The schema in the export is the schema in the app. There's no separate "export shape" that's secretly a subset, no proprietary container, no encrypted blob you need a cloud account to decrypt. It's a SQLite file you can open in sqlite3, DB Browser, or any other tool that reads SQLite.

But the more important answer to what is the export for is on the Timex website itself — three browser tools already wired up to read the file. They run entirely in your browser. The file never leaves the tab; there's no upload step.

  • Timesheet PDF — drop the ZIP, pick a date range, get a client-ready PDF with billable hours per app and project.
  • Wrapped — your year (or month, or week) in time, Spotify-Wrapped style.
  • SQLite viewer — drop the ZIP, browse every table, run your own SQL queries.

Same export file, three tools, zero servers in between — and zero servers at either end, because Timex doesn't run one and neither do its tools.

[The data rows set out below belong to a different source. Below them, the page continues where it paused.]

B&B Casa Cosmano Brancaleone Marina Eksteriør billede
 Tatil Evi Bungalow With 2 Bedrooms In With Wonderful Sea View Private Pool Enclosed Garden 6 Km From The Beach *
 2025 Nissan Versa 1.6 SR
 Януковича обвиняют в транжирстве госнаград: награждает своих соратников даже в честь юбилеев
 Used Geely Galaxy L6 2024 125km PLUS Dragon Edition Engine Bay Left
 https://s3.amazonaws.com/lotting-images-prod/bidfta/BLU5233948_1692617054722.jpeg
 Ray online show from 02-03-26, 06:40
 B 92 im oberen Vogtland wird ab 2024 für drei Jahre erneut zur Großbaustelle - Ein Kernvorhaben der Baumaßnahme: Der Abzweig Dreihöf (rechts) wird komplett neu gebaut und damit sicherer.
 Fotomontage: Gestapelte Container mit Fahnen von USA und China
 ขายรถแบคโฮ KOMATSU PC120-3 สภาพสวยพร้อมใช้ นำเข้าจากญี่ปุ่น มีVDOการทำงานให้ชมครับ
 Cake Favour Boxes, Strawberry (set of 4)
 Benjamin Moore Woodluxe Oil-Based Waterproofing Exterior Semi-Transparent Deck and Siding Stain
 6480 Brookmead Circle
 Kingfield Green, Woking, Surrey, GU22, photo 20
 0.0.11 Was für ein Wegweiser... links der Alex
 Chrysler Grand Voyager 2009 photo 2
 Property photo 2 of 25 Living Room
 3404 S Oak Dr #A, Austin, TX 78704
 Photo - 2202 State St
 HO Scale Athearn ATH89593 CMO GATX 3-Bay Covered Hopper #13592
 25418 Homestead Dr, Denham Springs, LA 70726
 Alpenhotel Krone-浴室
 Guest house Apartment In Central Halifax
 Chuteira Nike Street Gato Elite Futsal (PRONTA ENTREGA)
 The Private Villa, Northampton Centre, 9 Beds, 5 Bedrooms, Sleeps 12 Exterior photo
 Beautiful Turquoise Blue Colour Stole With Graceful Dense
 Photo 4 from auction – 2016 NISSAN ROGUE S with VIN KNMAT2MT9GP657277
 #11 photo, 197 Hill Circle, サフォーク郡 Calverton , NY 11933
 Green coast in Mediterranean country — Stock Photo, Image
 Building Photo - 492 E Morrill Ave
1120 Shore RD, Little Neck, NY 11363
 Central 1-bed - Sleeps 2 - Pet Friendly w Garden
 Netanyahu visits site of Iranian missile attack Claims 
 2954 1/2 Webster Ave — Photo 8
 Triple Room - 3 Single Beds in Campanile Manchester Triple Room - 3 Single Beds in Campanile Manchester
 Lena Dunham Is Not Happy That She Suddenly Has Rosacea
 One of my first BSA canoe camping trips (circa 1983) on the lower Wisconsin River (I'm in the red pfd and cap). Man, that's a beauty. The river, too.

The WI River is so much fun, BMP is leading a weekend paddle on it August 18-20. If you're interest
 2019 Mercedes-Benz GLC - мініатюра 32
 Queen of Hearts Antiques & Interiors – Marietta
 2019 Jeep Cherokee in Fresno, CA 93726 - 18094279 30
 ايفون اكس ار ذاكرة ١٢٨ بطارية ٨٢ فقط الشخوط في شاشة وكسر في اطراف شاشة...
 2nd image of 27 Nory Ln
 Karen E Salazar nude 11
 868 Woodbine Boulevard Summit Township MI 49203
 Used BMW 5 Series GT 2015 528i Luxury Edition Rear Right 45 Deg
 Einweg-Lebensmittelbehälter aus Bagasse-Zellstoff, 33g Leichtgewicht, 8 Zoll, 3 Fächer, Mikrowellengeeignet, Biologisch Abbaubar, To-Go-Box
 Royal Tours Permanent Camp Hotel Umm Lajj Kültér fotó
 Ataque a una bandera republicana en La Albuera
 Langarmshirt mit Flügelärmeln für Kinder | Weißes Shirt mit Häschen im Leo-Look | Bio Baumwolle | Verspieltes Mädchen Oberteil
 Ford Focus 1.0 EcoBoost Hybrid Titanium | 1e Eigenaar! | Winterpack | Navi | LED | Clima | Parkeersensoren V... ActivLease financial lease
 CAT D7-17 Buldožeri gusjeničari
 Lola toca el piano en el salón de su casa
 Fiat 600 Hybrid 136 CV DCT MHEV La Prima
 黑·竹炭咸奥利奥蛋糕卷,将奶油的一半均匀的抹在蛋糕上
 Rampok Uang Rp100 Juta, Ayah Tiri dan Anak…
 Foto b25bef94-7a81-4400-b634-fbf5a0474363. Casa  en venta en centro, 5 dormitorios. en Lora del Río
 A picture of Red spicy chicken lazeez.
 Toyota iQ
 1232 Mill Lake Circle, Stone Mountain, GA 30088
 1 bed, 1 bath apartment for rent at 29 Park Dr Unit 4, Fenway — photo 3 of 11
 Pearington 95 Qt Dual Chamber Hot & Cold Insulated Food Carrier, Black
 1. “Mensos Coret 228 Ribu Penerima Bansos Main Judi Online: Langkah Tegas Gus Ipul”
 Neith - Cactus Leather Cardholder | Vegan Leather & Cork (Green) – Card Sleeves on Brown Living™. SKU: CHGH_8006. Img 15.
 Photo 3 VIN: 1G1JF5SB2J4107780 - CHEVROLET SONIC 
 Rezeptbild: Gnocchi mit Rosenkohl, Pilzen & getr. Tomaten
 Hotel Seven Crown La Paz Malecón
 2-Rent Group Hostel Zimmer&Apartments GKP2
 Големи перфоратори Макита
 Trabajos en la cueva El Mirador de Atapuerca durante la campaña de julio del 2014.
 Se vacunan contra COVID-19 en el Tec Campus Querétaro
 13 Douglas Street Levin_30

Five languages across the app

The Today view, the menu-bar popover, the Settings window, the break overlay, and the license activation flow all now render in:

  • English
  • Español
  • Русский
  • हिन्दी
  • ไทย

Dates render in your locale. Numbers honor your decimal separator. Russian pluralization uses the correct three-form system (1 / 2–4 / 5+) — 2 перерыва reads the way it should, not robotically. Thai dates default to the Buddhist calendar where the system is configured that way.

The language switcher is a row of pills in Settings. Tap one to switch. First launch loads whatever your system is set to.


Design system + accessibility

A foundation pass under the surface. Every corner radius, border, hover state, and brand colour in the app now draws from one shared token set. Half the components used to be one-off CSS — the break overlay had a different button hover than Settings; the popover had a different chip shape than the Today view. It worked, but the seams showed.

Same release: every icon-only button now has a VoiceOver label. The water +/- steppers, the date chevrons, the close button on the break overlay — previously announced to screen-reader users as just "button". Now they say what they do.

Neither of these changes what Timex does. Both change what it feels like.


How to upgrade

If you're on 1.0.0: hit ⌘Q, then either grab 1.1 from gettimex.app/download or upgrade from the terminal:

brew upgrade muvon/tap/timex

The upgrade preserves everything in your database.

If you're new:

brew install muvon/tap/timex

Or grab the DMG from gettimex.app/download. The trial is still 100 hours, no signup, no email — and now, in your language.